À propos de la constipation fonctionnelle il faut remarquer qu’elle ne se laisse pas diagnostiquer uniquement par la rareté des selles, certains enfants pouvant retenir les selles tout en déféquant quotidiennement. D’autres symptômes comme les douleurs abdominales, les douleurs en déféquant, l’encoprésie ou souillure, ou l’inappétence sont donc significatifs pour le diagnostic.

Les troubles fonctionnels de la défécation peuvent perturber considérablement le développement, la relation parents-enfant ou les contacts sociaux de l’enfant, avec des répercussions négatives sur sa qualité de vie3,4). Il est donc d’une importance capitale de mettre en route des mesures thérapeutiques le plus tôt possible, interdisciplinaires, comprenant une approche tant somatique que psychothérapeutique.

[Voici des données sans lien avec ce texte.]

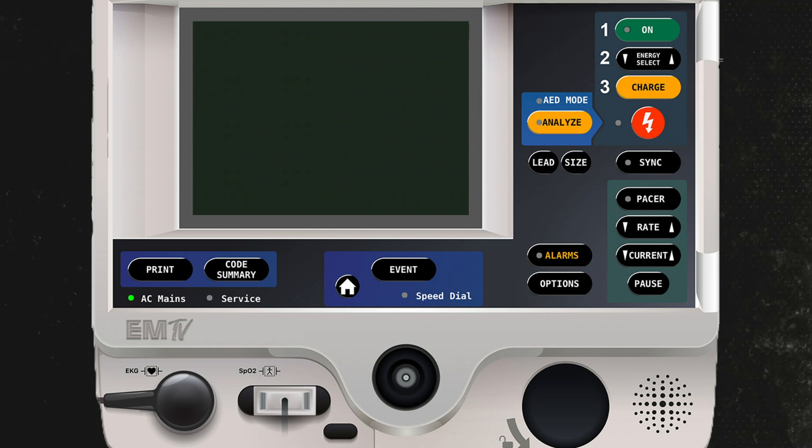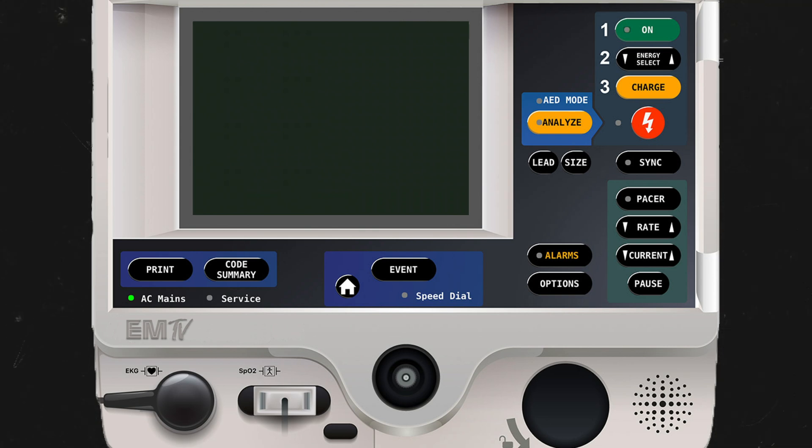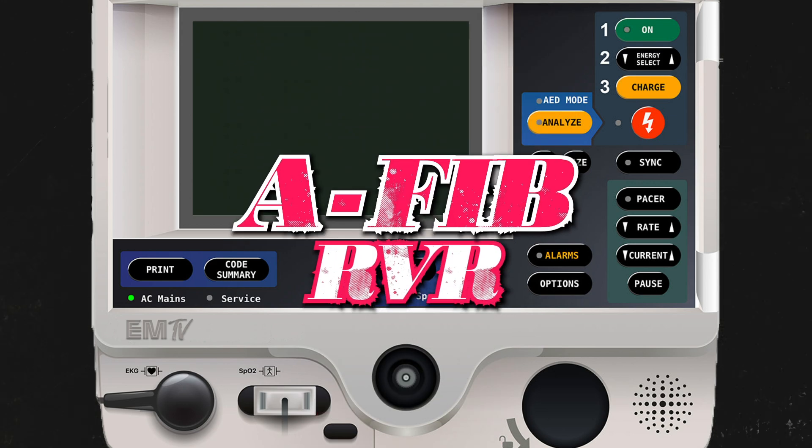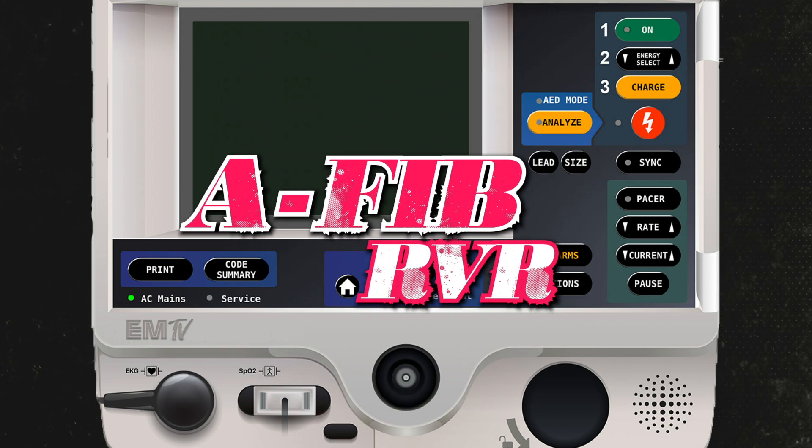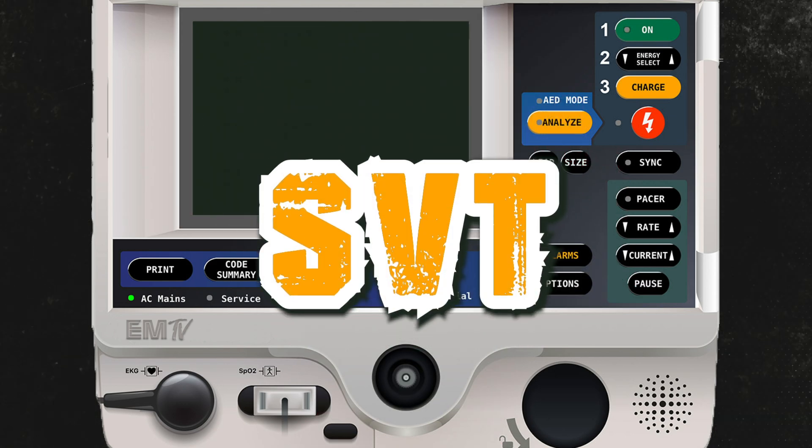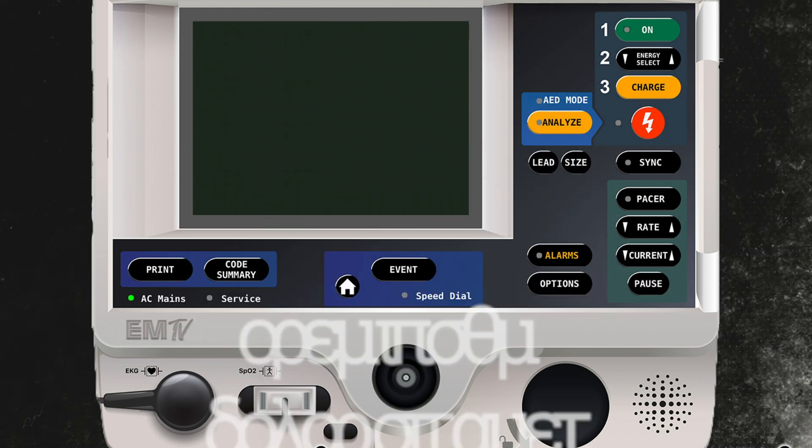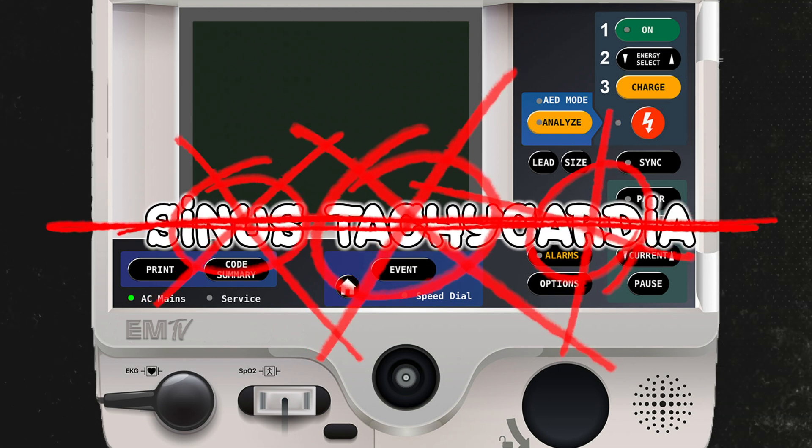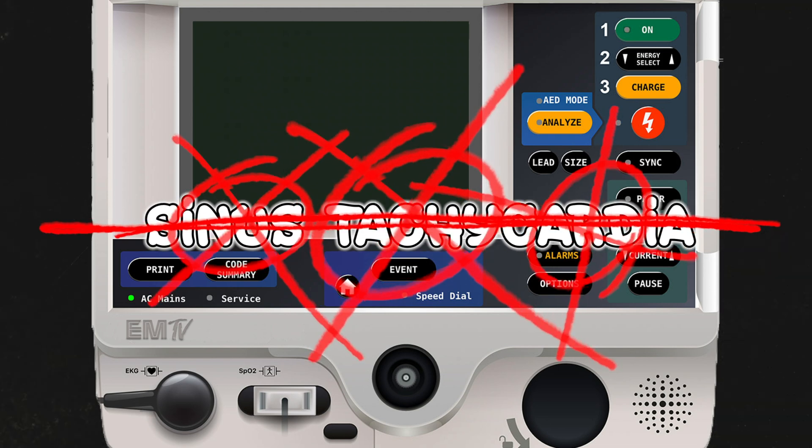Unlike defibrillation, synchronized cardioversion is delivered to people who are in unstable tachycardic rhythms, such as AFib RVR, VTAC with a pulse, and SVT. Synchronized cardioversion should not be used to correct sinus tachycardia.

Vignette clinique 1: Felix (6 ans)

Felix nous est adressé par le médecin de famille pour investigation d’une constipation avec incontinence par débordement. Toutes les investigations entreprises jusqu’ici n’ont révélé aucune origine somatique pour ces symptômes. Le traitement par émollients n’a apporté aucune amélioration. Les parents envoient leur fils régulièrement aux toilettes, mais il n’y émet pas de selles. On constate régulièrement de l’encoprésie et des souillures. Pour cette raison Felix porte des langes. Il souffre de son encoprésie, ce qui se manifeste par une forte tension physique et des tendances au retrait relationnel. Il craint et aimerait à tout prix éviter des «accidents» notamment à l’école enfantine. Les parents désespèrent aussi, la situation ne s’étant pas améliorée malgré des années de traitement. L’encoprésie génère des conflits entre père et fils, le père supposant de plus en plus que son fils émet des selles volontairement dans les culottes.

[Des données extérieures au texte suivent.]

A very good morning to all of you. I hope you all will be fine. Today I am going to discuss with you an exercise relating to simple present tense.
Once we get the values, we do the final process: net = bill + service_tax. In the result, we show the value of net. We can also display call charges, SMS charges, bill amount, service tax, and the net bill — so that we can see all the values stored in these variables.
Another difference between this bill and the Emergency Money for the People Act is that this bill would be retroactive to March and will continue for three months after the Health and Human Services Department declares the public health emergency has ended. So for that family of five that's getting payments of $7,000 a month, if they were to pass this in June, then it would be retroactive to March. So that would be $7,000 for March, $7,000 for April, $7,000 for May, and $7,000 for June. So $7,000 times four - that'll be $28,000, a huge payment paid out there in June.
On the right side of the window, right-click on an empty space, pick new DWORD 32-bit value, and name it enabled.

Vignette clinique 2: Hanna (8 ans)

Hanna présente depuis des années une encoprésie. Elle a suivi un traitement dans une clinique de jour pédopsychiatrique suite à son exclusion de l’école enfantine. Dans ce contexte on a entrepris avec la fillette un entraînement aux toilettes, qui n’a pas été poursuivi de manière cohérente après le retour au domicile où la mère, qui souffre de dépressions récidivantes, élève seule sa fille. Après une nouvelle hospitalisation de la mère dans une clinique psychiatrique, l’encoprésie s’est encore agravée, avec des pertes de selles jusqu’à huit fois par jour. La patiente est alors adressée à la consultation spécialisée pour les troubles de l’élimination de la Clinique pédopsychiatrique universitaire. L’anamnèse donnée par la maman révèle qu’à la maison Hanna a un comportement très contrôlant et oppositionnel. Les conflits deviennent de plus en plus fréquents et elle n’arrive plus à faire face à sa fille. Celle-ci disjoncte parfois et agresse sa maman physiquement. Les lessives fréquentes mais aussi les sous-vêtements souillés cachés, avec les odeurs qui s’ensuivent, l’épuisent. L’école aussi lui met la pression, l’encoprésie devenant là-aussi insupportable.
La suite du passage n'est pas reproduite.